Vencida, se dejó caer sobre un escalón, curiosamente donde Sam había estado sentado unos minutos antes.

—Está bien…

Relató todo lo sucedido: cómo Douglas la había arrinconado cerca del circo y le había asestado un golpe que la dejó inconsciente. Después repitió las divagaciones del vaquero acerca de cómo planeaba escapar de Dodge City y su intención de matar a Edna para vengarse de Joshua, que a su entender lo había traicionado al contar la verdad. Siguió hablando y el marshall la escuchó sin interrumpirla.

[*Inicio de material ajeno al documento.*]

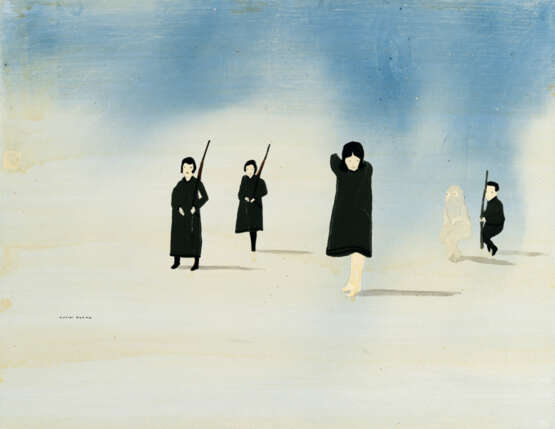 Marcel Dzama. "This Powdery Puff" - photo 1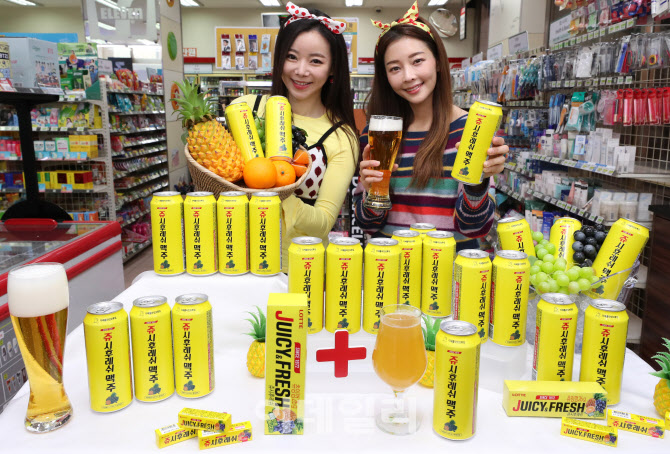 쥬시후레쉬 이미지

Cuando acabó, Emily se pasó una mano por la nuca, que sentía rígida.

—Señora Coleman, ¿podría repetirme lo que Douglas dijo de su marido?

Emily le lanzó una mirada airada.

—Ya lo ha oído: Douglas mató a mi marido hace más de seis meses. Lo enterró y esperó a que pasara un tiempo de duelo para cortejarme y casarse conmigo. Quería mi rancho, mis tierras, todo…

Wyatt se atusó el poblado bigote.

—Señora Coleman, ¿por qué no le ha comentado nada de todo esto a Sam?

—Porque mi hijo estuvo pegado a mis faldas y no podía hablar de todo eso delante de él. Bastante ha visto y oído para un niño su edad. Contaré a Cody la verdad, pero antes tendré que esperar a que se le haya pasado el miedo por todo lo sucedido.

Wyatt asintió y tendió una mano para ayudarla a ponerse en pie.

—En ese caso, señora Coleman, debo decirle que debería buscar a Sam…, y hablar con él cuanto antes.